While Johnson hasn’t announced the details of the House proposal he said he would bring to a vote potentially this month, there’s a good chance it will mirror the spending package the U.S. Senate passed months ago—a package that includes $60 billion for Ukraine, $34 billion of which is for weapons. The rest pays for the training for Ukrainian troops as well as humanitarian aid and other non-military assistance.
To put into perspective how much weaponry $34 billion can buy, consider that—in the first 23 months of Russia’s wider war on Ukraine—the United States appropriated $45 billion for weapons for Ukraine.
Roughly half of that spending was in the form of direct commercial contracts the Pentagon negotiated, and paid for, on Ukraine’s behalf.
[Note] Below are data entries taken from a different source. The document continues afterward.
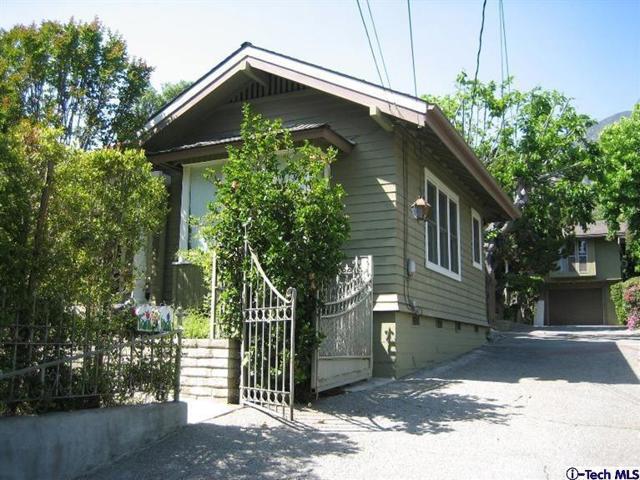 MLS# P0-315003565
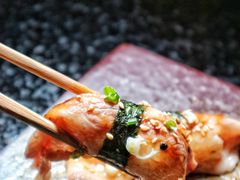 -無境·匠心日本料理(汉街店)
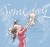 Someday (Hardcover)
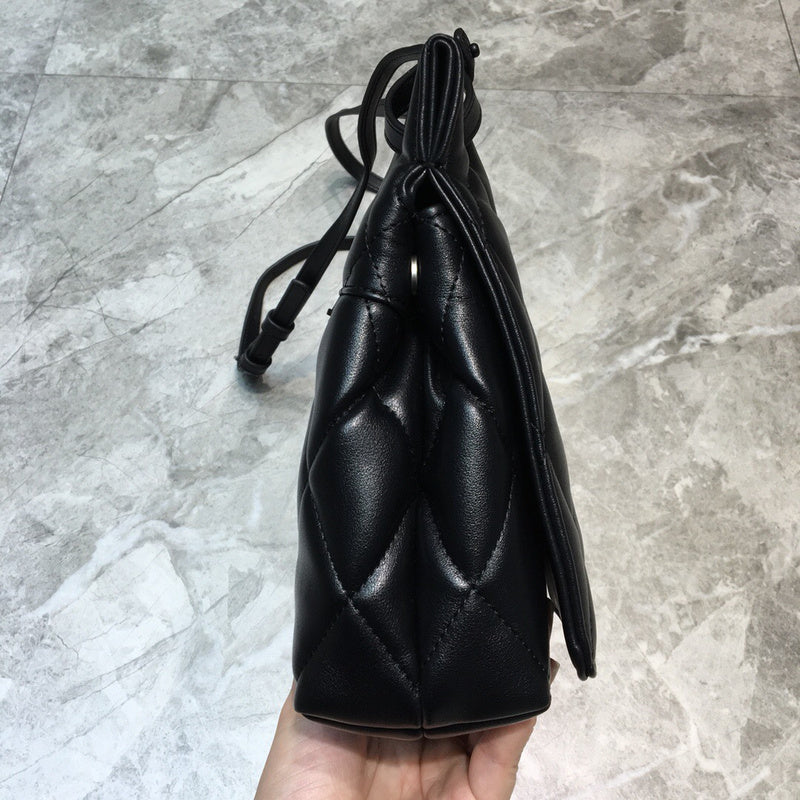 Aura Bags - BGA Bags - 990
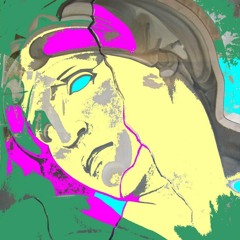 Confidences of Azathoth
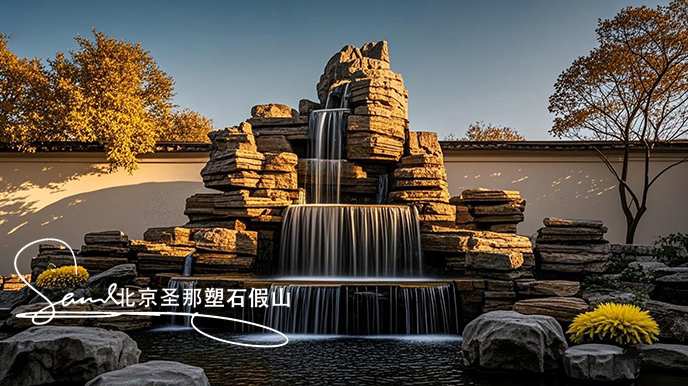 水泥假山.jpeg 水泥假山.jpeg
The other half of the spending paid for new weapons for U.S. forces after the Pentagon donated their older weapons to Ukraine directly from U.S. stocks.
All that is to say, the aid that U.S. president Joe Biden, his Democratic allies in the U.S. Senate and U.S. House and millions of everyday Americans fought for, for six months,
should keep Ukraine flush with arms for another year or more.
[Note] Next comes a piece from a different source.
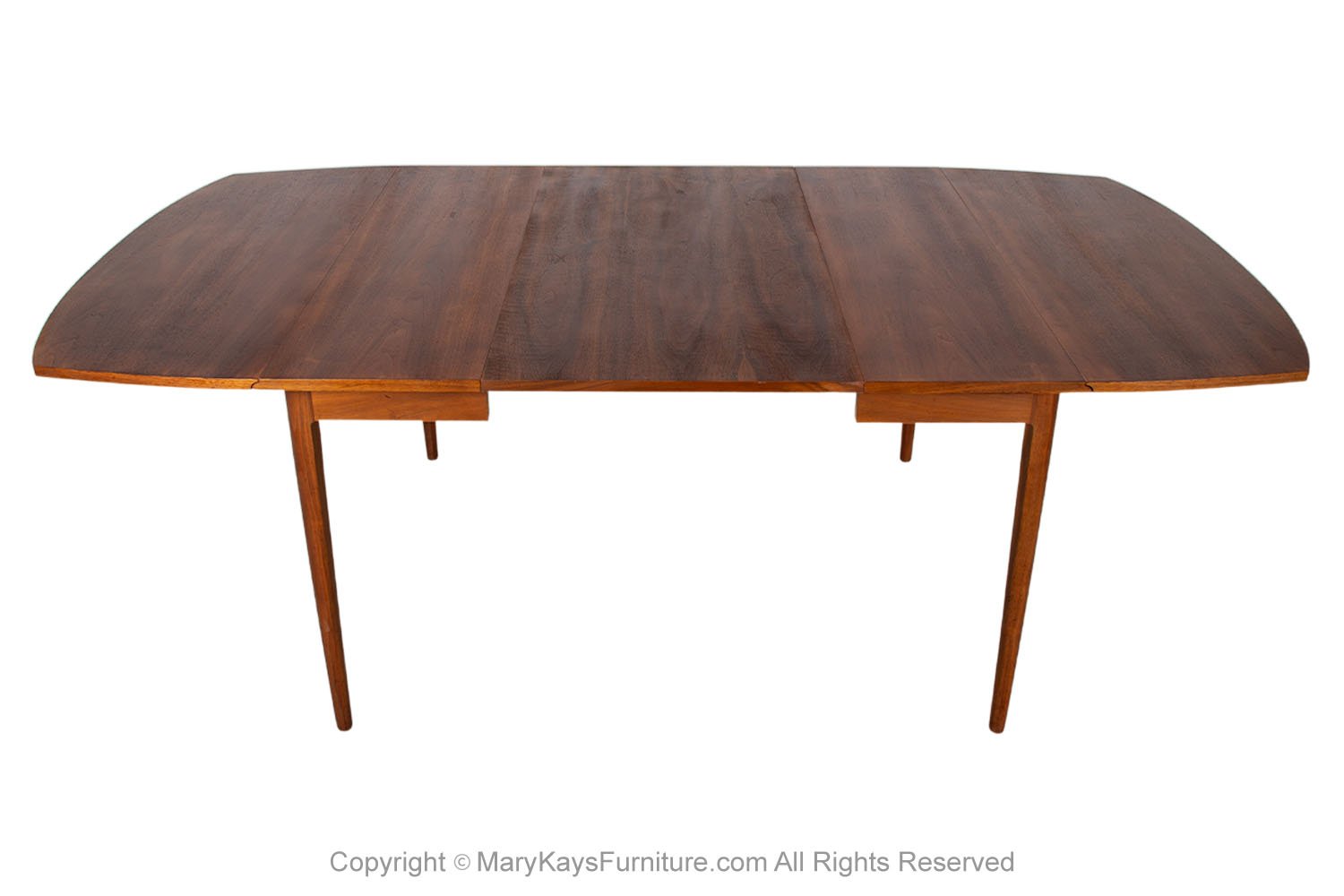 6d7bdafb-d86e-4f14-99aa-30abe37b459a_Mid-Century-Kipp-Stewart-Drexel-Declaration-drop-leaf-Dining-Table-one-leaf-8.jpg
Expect the fresh aid to pay for a lot of radars, radio-jammers, drones, boats, armored vehicles and engineering equipment. Especially expect it to pay for artillery and air-defenses—and ammunition for both.
That should mean more 155-millimeter howitzers on top of the roughly 200 howitzers the previous funding paid for, more High-Mobility Artillery Rocket Systems on top of the previous 39 and more Patriot and National Advanced Surface-to-Air Missile System air-defenses batteries, adding to the single Patriot and 12 NASAMS Ukraine already has gotten from the United States.
And it should mean at least a million 155-millimeter artillery shells from the new ammo factory the U.S. Army built in Texas specifically to churn out shells for Ukraine. The Texas plant, as well as other new and expanded facilities that support ammo-production, depended on supplementary funding—and has been in financial limbo since Republicans cut off aid back in October.
With fresh funding, the Texas plant and a pair of similar plants in Pennsylvania can—likely within months—ramp up to producing 60,000 shells a month on their way to producing 100,000 shells a month within nine months. The Pennsylvania factories together produced just 15,000 shells a month before Russian widened its war on Ukraine in February 2022.